◆ **Task statement**
An exact restatement is required. Cover only the lines of the records from the first through the line with "Czar in the", and skip pictures.

### Data excerpts ###

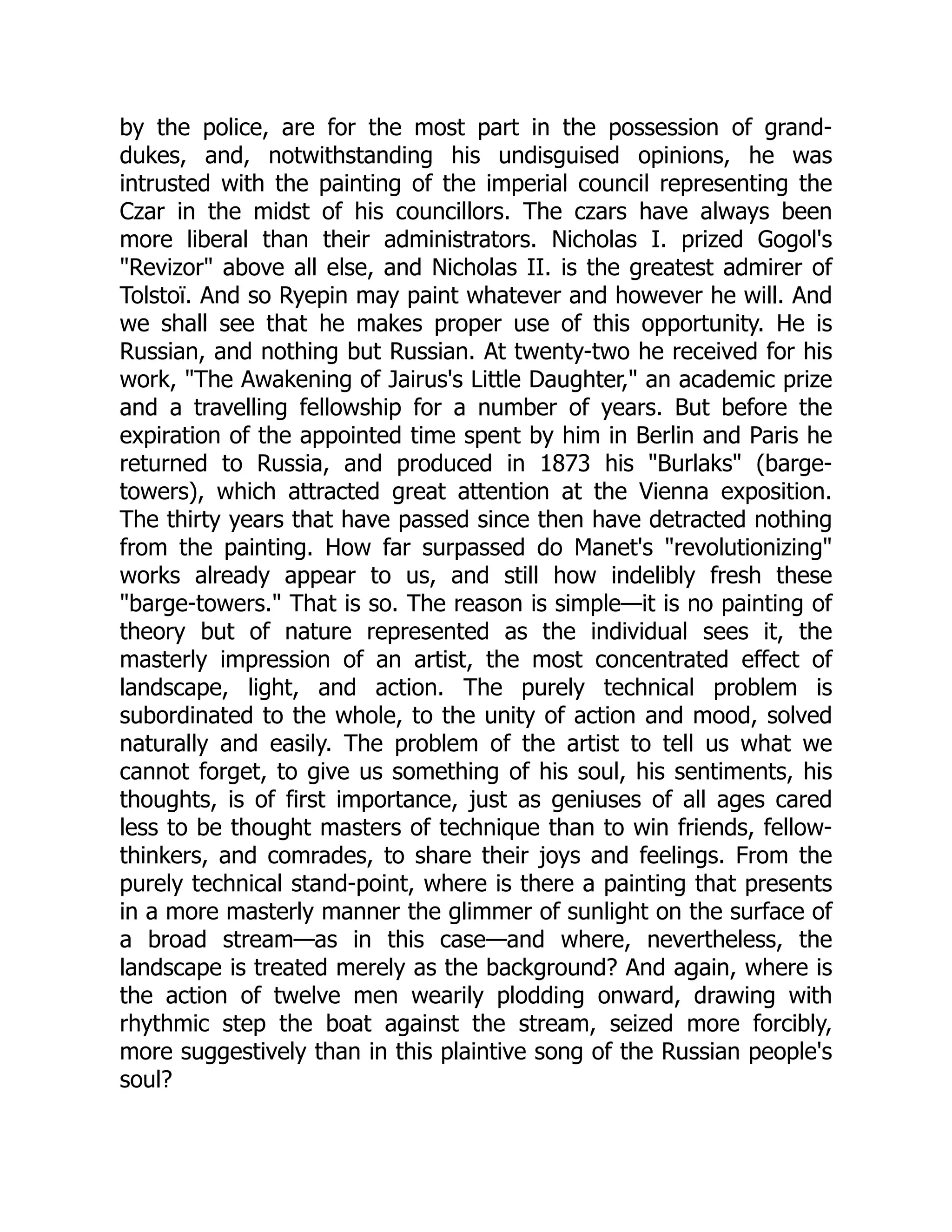 by the police, are for the most part in the possession of grand-
dukes, and, notwithstanding his undisguised opinions, he was
intrusted with the painting of the imperial council representing the
Czar in the midst of his councillors. The czars have always been
more liberal than their administrators. Nicholas I. prized Gogol's
"Revizor" above all else, and Nicholas II. is the greatest admirer of
Tolstoï. And so Ryepin may paint whatever and however he will. And
we shall see that he makes proper use of this opportunity. He is
Russian, and nothing but Russian. At twenty-two he received for his
work, "The Awakening of Jairus's Little Daughter," an academic prize
and a travelling fellowship for a number of years. But before the
expiration of the appointed time spent by him in Berlin and Paris he
returned to Russia, and produced in 1873 his "Burlaks" (barge-
towers), which attracted great attention at the Vienna exposition.
The thirty years that have passed since then have detracted nothing
from the painting. How far surpassed do Manet's "revolutionizing"
works already appear to us, and still how indelibly fresh these
"barge-towers." That is so. The reason is simple—it is no painting of
theory but of nature represented as the individual sees it, the
masterly impression of an artist, the most concentrated effect of
landscape, light, and action. The purely technical problem is
subordinated to the whole, to the unity of action and mood, solved
naturally and easily. The problem of the artist to tell us what we
cannot forget, to give us something of his soul, his sentiments, his
thoughts, is of first importance, just as geniuses of all ages cared
less to be thought masters of technique than to win friends, fellow-
thinkers, and comrades, to share their joys and feelings. From the
purely technical stand-point, where is there a painting that presents
in a more masterly manner the glimmer of sunlight on the surface of
a broad stream—as in this case—and where, nevertheless, the
landscape is treated merely as the background? And again, where is
the action of twelve men wearily plodding onward, drawing with
rhythmic step the boat against the stream, seized more forcibly,
more suggestively than in this plaintive song of the Russian people's
soul?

###

◆ **Expected answer**
 by the police, are for the most part in the possession of grand-
dukes, and, notwithstanding his undisguised opinions, he was
intrusted with the painting of the imperial council representing the
Czar in the midst of his councillors. The czars have always been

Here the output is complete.